DOACs safer than warfarin analogues for TAVR patients, JACC study.
The choice of optimal drug for anticoagulation after transcatheter aortic valve replacement (TAVR) remains debated. Recommendations on antithrombotic treatment after TAVR are based on a limited amount of high-quality data, and in patients who have indications for oral anticoagulant (OAC), vitamin K antagonists (VKAs) have been preferentially recommended.
Didlier et al have shown in a recent study published in JACC Cardiovascular Interventions that the long-term mortality and major bleeding were lower with DOACs than VKAs at discharge. The present study supports preferential use of Direct oral anticoagulants (DOACs) rather than VKAs in patients requiring oral anticoagulation therapy after TAVR.
Despite technical improvements in devices and operator experience in recent years, thromboembolic and bleeding events after TAVR remain prevalent, negatively affecting morbidity and mortality. Concomitant diseases in this elderly and frail population also explain the high prevalence of ischemic events. Moreover, atrial fibrillation (AF), a common arrhythmia found in nearly 30% of this population, is a well-known complication of the procedure, impacting long-term mortality.
In this setting, the choice between vitamin K antagonists (VKAs) and direct oral anticoagulants (DOACs) is still a matter of debate. Didlier et al investigated the long-term risk of mortality in patients receiving OAC according to the OAC type DOAC vs VKA in a large nationwide French cohort of patients treated by TAVR.
Propensity score matching was used to reduce treatment-selection bias.
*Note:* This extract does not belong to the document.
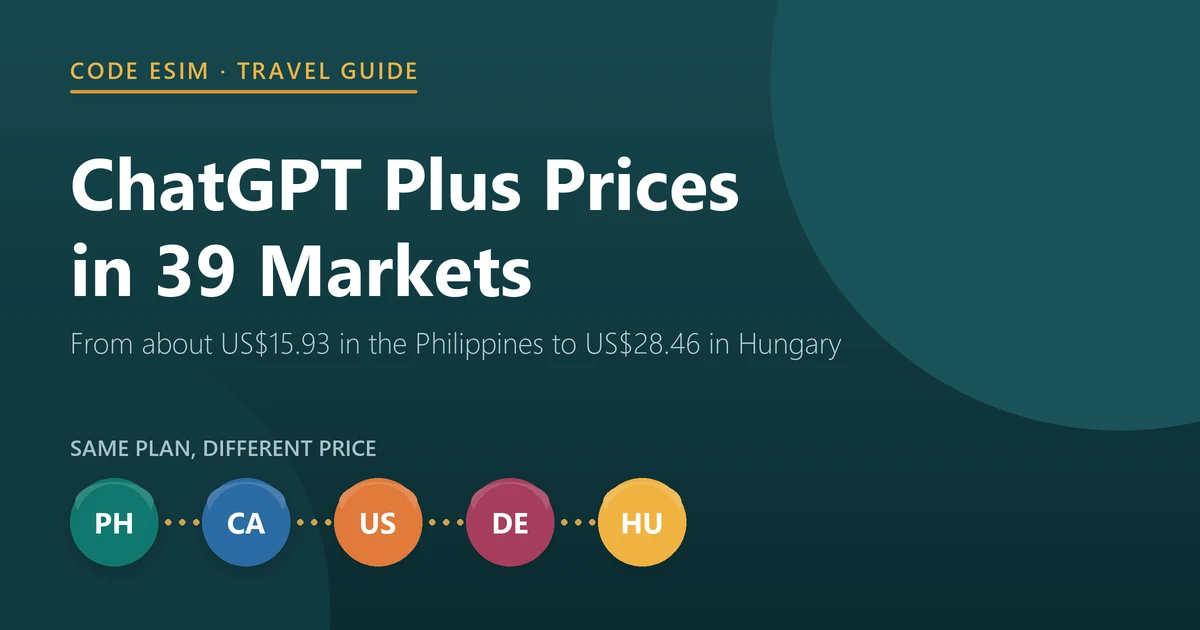 ChatGPT Plus prices in 39 App Store markets, from about US$15.93 in the Philippines to about US$28.46 in Hungary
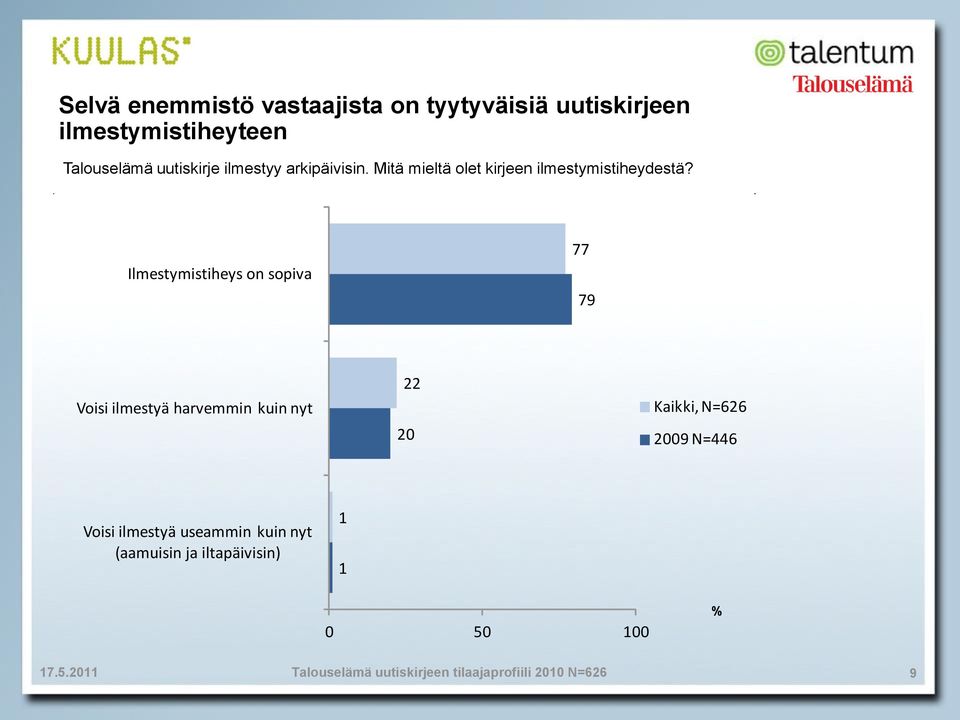 Mitä mieltä olet kirjeen ilmestymistiheydestä?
Two primary endpoints were death from any cause (efficacy) and major bleeding (safety).
This study is the first long-term report, in a large real life TAVR population, showing significant improvement in survival associated with reduced major bleeding rates with DOACs as compared with VKAs.
VKA use was associated with significantly higher mortality than DOAC use. This difference persisted in propensity-matched populations, which suggests that it was not caused by differences in risk profile.
After propensity matching, at 3 years, mortality and major bleeding including hemorrhagic stroke were 37% and 64% higher with VKAs in comparison to DOACs. The rates of ischemic stroke and acute coronary syndrome did not differ among groups.
In an accompanying editorial Giacoppo notes "The total advantage associated with DOACs observed in the study by Didier et al supports the favorable profile of DOACs after TAVR in terms of both efficacy and safety."
However the editorial adds a word of caution in implementing these results," results beyond 2-year follow-up are based on less than one-third of the original sample size." "superiority of DOACs over VKAs after TAVR was not observed in the recent ATLANTIS (Anti-Thrombotic Strategy After Trans-Aortic Valve Implantation for Aortic Stenosis) trial. In the cohort of patients requiring OAC included in that trial, there was no significant difference between treatments with respect to the primary net composite endpoint. Similarly, no significant differences between treatments across secondary composite and individual endpoints were detected".
The editorial concludes by stating that although heterogeneity in accumulated evidence should continue to promote high-quality research, answers related to OAC alone or associated with single-antiplatelet therapy or DAPT after TAVR are growing. According to available data, OAC alone seems to be the safest therapeutic approach in patients undergoing TAVR, especially in relation to the frequently relevant inherent bleeding risk, while the role of OAC after TAVR in absence of clinical conditions requiring thromboembolic prevention or treatment is limited.